Record sales for Stanley Gibbons
The stamps specialist Stanley Gibbons has posted record results for 2011 after seeing a 72 per cent jump in sales over the internet. Buoyed by demand for Royal Wedding memorabilia and closer ties with stamp enthusiasts in China, the group's sales rose 35 per cent to £38m as profits jumped 17 per cent to £5.2m.
Mortgage lending dips in February
The rush of first-time buyers looking to beat the stamp-duty exemption deadline fizzled out in February as mortgage approvals fell 13 per cent to 31,033, the British Bankers' Association said. High-street banks lent £7.9 billion last month, 2 per cent down on 2011. The threshold fell from £250,000 to £125,000 at midnight.
Pay rise for StandChart boss
Standard Chartered's chief executive, Peter Sands received a modest 3 per cent pay rise last year to take his package to £5m, as the bank's profits grew 11 per cent to $6.8bn. The annual report reveals that it paid its top 13 executives $92m last year, including $13.4m to Mike Rees, the head of its investment bank.
Sales of £2m-plus homes in decline
Sales of top-end homes were falling even before the stamp duty hike announced for £2m properties in the Budget. Land Registry figures yesterday revealed sales of houses worth more than £2m fell 18 per cent year-on-year in December in England and Wales.
Probe into EMI bid by Universal
EU antitrust regulators have opened an in-depth investigation into a bid by Vivendi's Universal Music to buy EMI's recorded music unit for $1.9bn, saying the proposed deal could reduce competition to the detriment of consumers. Universal, however, could offer concessions to the EU watchdog during its review.
BATS blunder halts trading
The stock market debut of the exchange operator BATS Global Markets Exchange was overshadowed by a series of blunders yesterday, including its own shares, priced at $16, erroneously trading for less than a cent. The trades were cancelled by the New York exchange Nasdaq and trading in BATS halted.
Newsprint costs hit Telegraph
The Daily and Sunday Telegraph saw profits fall 7 per cent to £54m last year as rising newsprint costs took their toll. Its parent company Telegraph Media Group saw turnover rise 2 per cent to £331m, with growth in advertising, digital and revenues such as selling financial and travel products to readers.
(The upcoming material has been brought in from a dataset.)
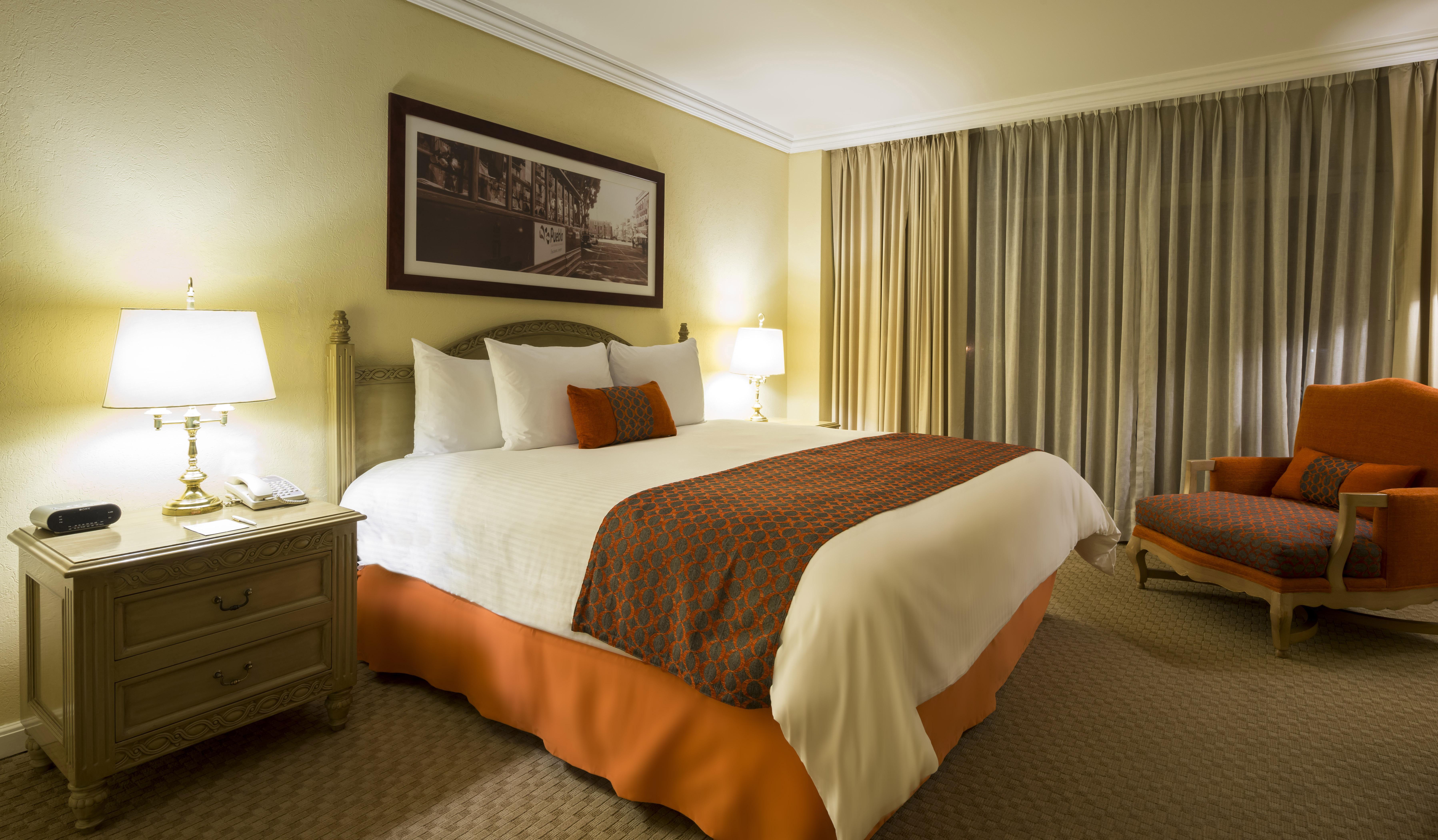 Hotel Camino Real Puebla Angelopolis Zewnętrze zdjęcie A bedroom at the Hilton San Francisco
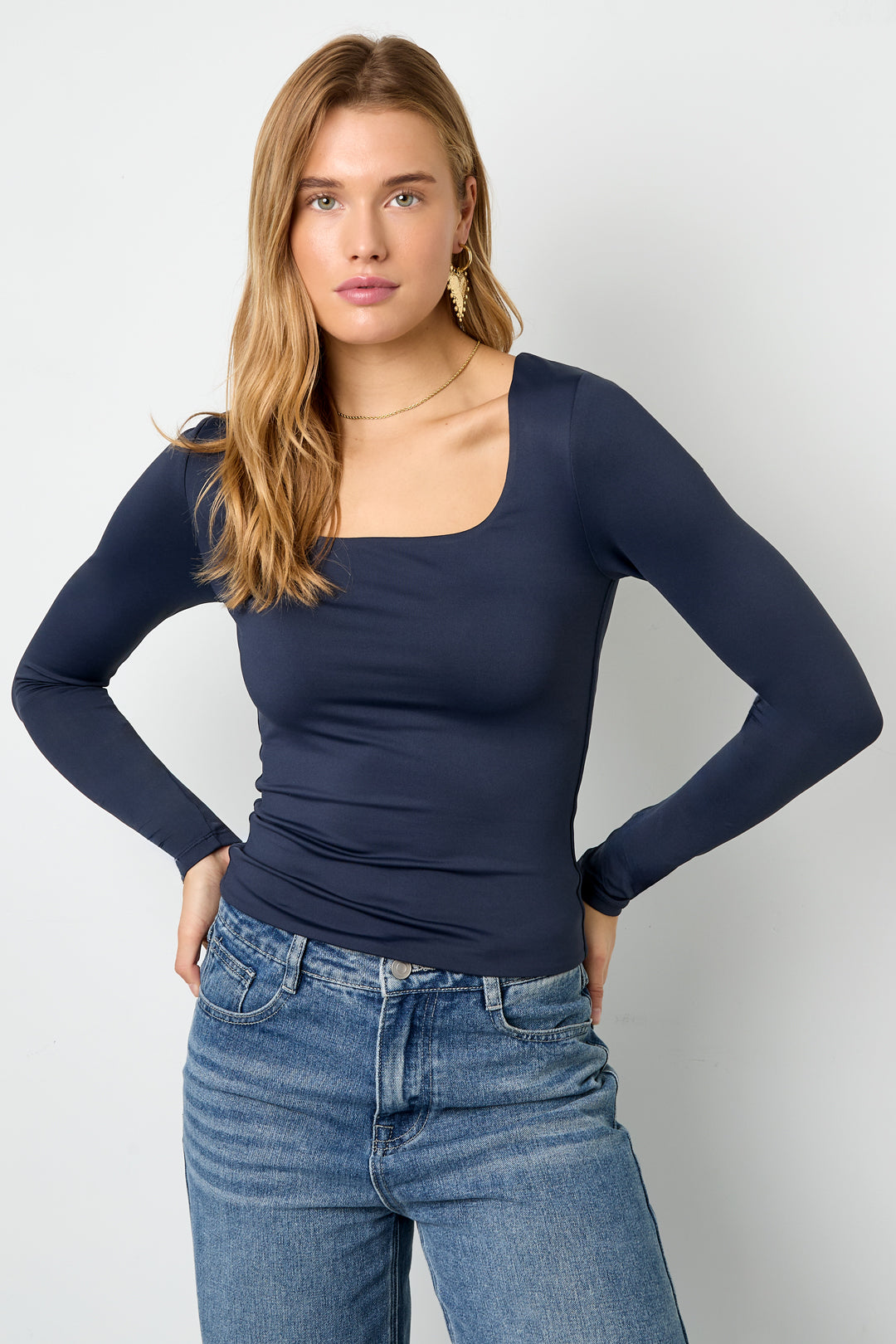 Mina Longsleeve – Eckiger Ausschnitt in Dunkelblau – getragen (4)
£4m pay cut for Credit Suisse chief
Brady Dougan, the chief executive of Credit Suisse, saw his pay more than halved to Sfr5.8m (£4m). The Swiss bank's Mr Dougan was paid Sfr12.8m in 2010, but last year the bank's profits fell by more than 60 per cent. The top board pay went to Robert Shafir, head of asset management, who collected Sfr8.5m.
Biggs takes over at Direct Line
Royal Bank of Scotland has appointed Mike Biggs as chairman of Direct Line Insurance, the Churchill and Green Flag business being prepared for a likely flotation in order to meet European competition rules. He is also at the helm of life assurer Resolution, a position he'll retain.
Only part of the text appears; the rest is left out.